Esta vez, la nueva generación de israelitas, acampa con reposo por tres días antes de cruzar el río. No hay voz alguna de reclamo ni de temor, solo se oyen las instrucciones de los oficiales que recorren el campamento: «Cuando veáis el arca del pacto de Jehová vuestro Dios, y los levitas sacerdotes que la llevan, vosotros saldréis de vuestro lugar y marcharéis en pos de ella» (Josué 3:3). Unos cuarenta mil hombres armados, listos para la guerra, pasan delante de Jehová (4:13). ¡El Jordán se abre para ellos!

Luego que pasan, no hay danzas ni celebración. Hay reverencia y solemnidad en un pueblo que tras los tratos del desierto ha aprendido a «marchar», esto es, avanzar en orden (como un cuerpo) «tras el arca de su Dios», no como la locura de sus padres ya fallecidos.

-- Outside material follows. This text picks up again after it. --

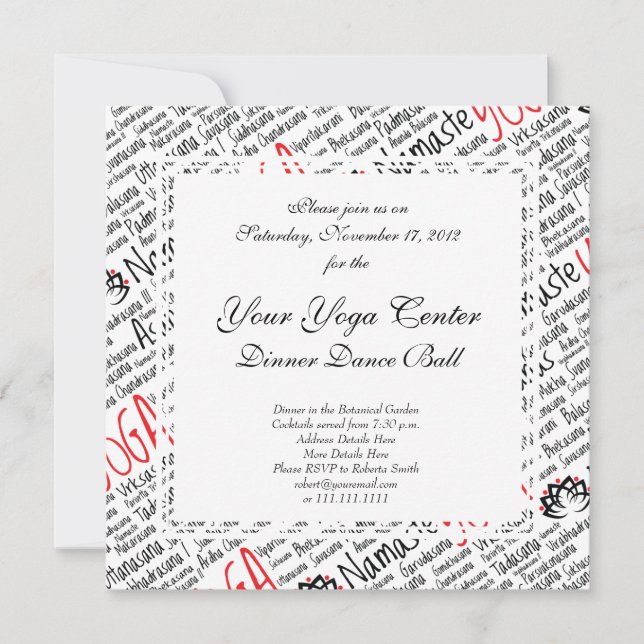 Elegant Black and Red Yoga Positionen Lotus Blosso Einladung (Vorderseite)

Por delante les esperan grandes batallas. No hay ánimo para celebrar, lo que sí hay es reverencia ante un Dios que cumple sus promesas. Hay disciplina, orden y obediencia. Al fin, el Señor obtenía un pueblo que agradaba su corazón; a ellos les daría Su tierra.

¿Hemos sacado provecho de los tratos de «nuestros desiertos»? ¿Tenemos una confianza serena en la fidelidad y las promesas de Dios? ¿O aún reclamamos y miramos hacia atrás, a los goces temporales que Egipto nos ofrece con tanta profusión? ¡Dios espera ver madurez en su pueblo!